● **Exercise aim**:
Under this line are records; the part from the line containing "Bases also have" through the line containing "Hello, Namaskar. In" should be repeated exactly. Please exclude pictures.

● **Exercise material**:
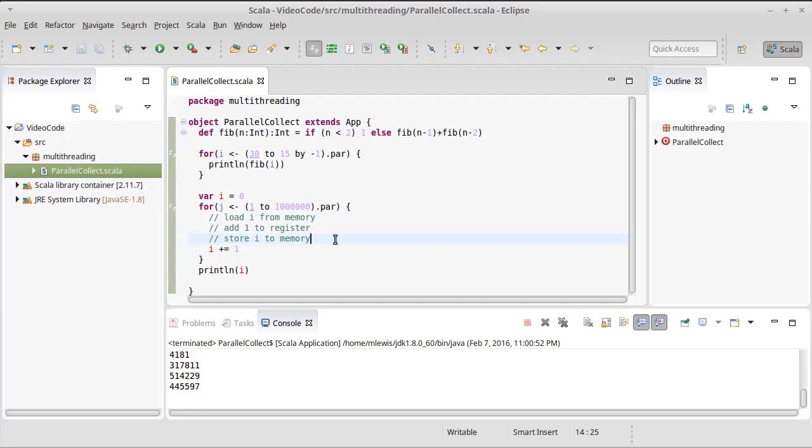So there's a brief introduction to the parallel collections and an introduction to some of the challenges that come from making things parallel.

==

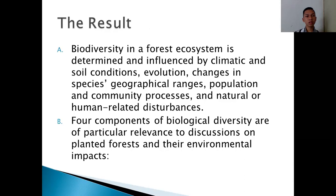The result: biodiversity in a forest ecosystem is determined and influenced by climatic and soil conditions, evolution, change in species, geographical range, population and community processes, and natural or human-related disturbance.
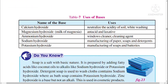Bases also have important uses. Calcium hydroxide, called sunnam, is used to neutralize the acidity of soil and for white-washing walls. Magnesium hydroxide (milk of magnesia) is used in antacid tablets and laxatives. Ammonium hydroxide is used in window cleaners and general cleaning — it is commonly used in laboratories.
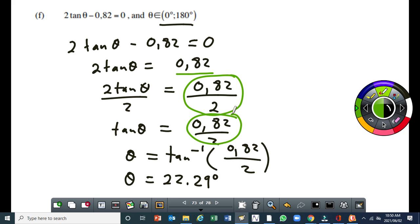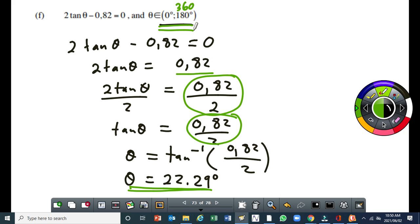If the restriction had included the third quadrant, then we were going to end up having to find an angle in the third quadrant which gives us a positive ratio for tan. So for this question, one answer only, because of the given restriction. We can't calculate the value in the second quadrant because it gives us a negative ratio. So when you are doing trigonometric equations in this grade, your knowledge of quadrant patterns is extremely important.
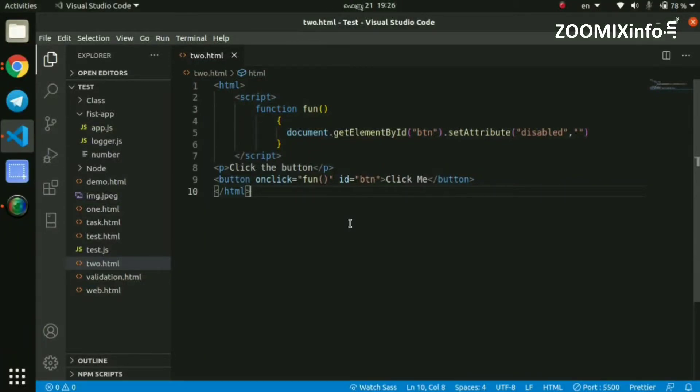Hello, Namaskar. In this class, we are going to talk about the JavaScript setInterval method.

● **Your response**:
Bases also have important uses. Calcium hydroxide, called sunnam, is used to neutralize the acidity of soil and for white-washing walls. Magnesium hydroxide (milk of magnesia) is used in antacid tablets and laxatives. Ammonium hydroxide is used in window cleaners and general cleaning — it is commonly used in laboratories.
If the restriction had included the third quadrant, then we were going to end up having to find an angle in the third quadrant which gives us a positive ratio for tan. So for this question, one answer only, because of the given restriction. We can't calculate the value in the second quadrant because it gives us a negative ratio. So when you are doing trigonometric equations in this grade, your knowledge of quadrant patterns is extremely important.
Hello, Namaskar. In this class, we are going to talk about the JavaScript setInterval method.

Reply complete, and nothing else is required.